The judgment which appellants asked to have set aside on the ground of unavoidable casualty or misfortune preventing the defendant from defending (see Code, § 4091, par. 5) was rendered on September 20, 1907, upon failure of Schlueter, who was the sole defendant of record in the action, to appear after the issues were made up presenting an admission by said defendant of plaintiff's cause of action and an affirmative defense and counterclaim. The same judgment was rendered also against the Illinois Surety Company at the same time as surety on a bond given by Schlueter to discharge attachments levied on property in the action. Such a judgment without making the surety a party to the action or giving him notice that such judgment is to be rendered is provided for by Code, §§ 3907, 3908. On the 27th of the same month the two judgment defendants filed separate motions to set aside the judgment, which motions were supported and resisted by evidence taken in open court and by affidavits, and were overruled. As the separate appeals from these rulings present substantially the same questions and involve the same state of facts, they may properly be considered together.

1. Some matters of a preliminary nature may first be considered before reaching a discussion of the merits of the showing made by defendants to have the judgment set aside. In the first place, the Illinois Surety Company was not a surety for Schlueter with reference to the original indebtedness, and much that is said in the printed argument, and also in the oral argument by counsel for that company beyond the points made in the printed brief, as to the rights of sureties, has no application to the liability of the surety company on the bond given to discharge the attachment.
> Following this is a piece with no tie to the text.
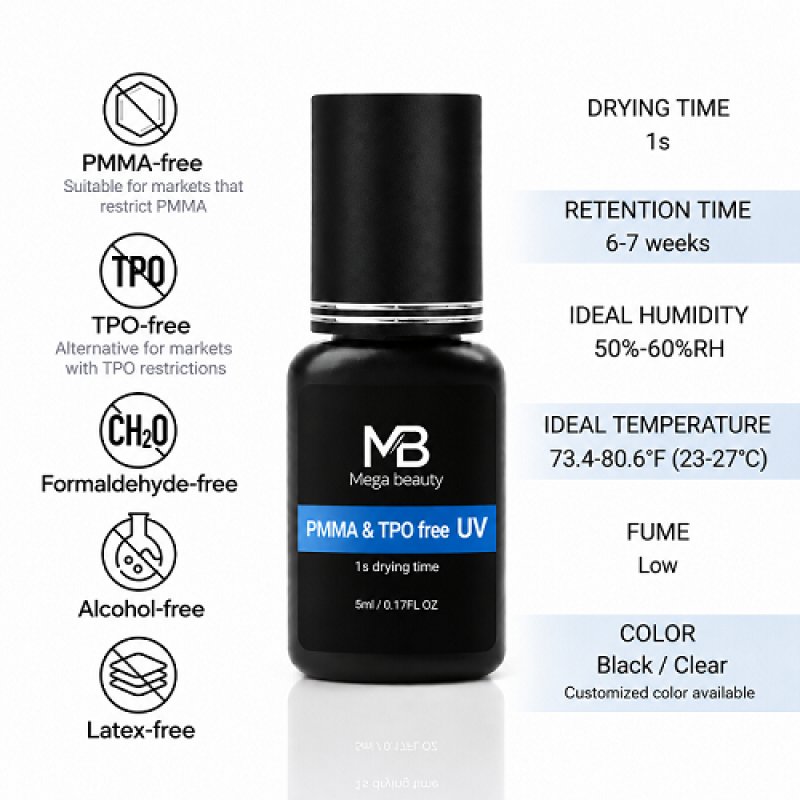 PMMA & TPO Free UV Lash Glue Detailed Performance Specifications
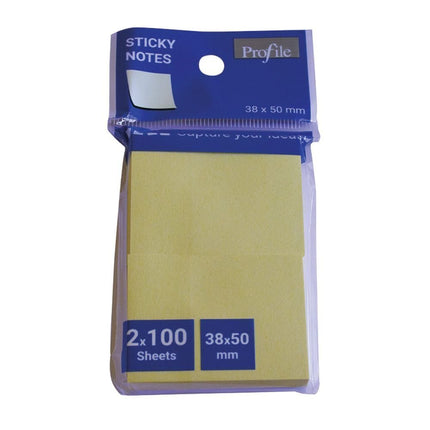 Profile Sticky Notes Σετ 2 Μπλοκ Κίτρινες Αυτοκόλλητες Σημειώσεις 2 x 100 Φύλλα, 38 x 50 mm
For instance, it is contended that under Code, § 3779, the judgment should have recited the order of liability of the principal and surety, so that the property of the principal might be first exhausted under the provisions of Code, § 3966, before the property of the surety was resorted to. But plainly these provisions have reference to the relation of principal and surety to the original indebtedness, and have no application under Code, §§ 3907, 3908, providing for the entry of judgment against the surety on a bond to discharge an attachment.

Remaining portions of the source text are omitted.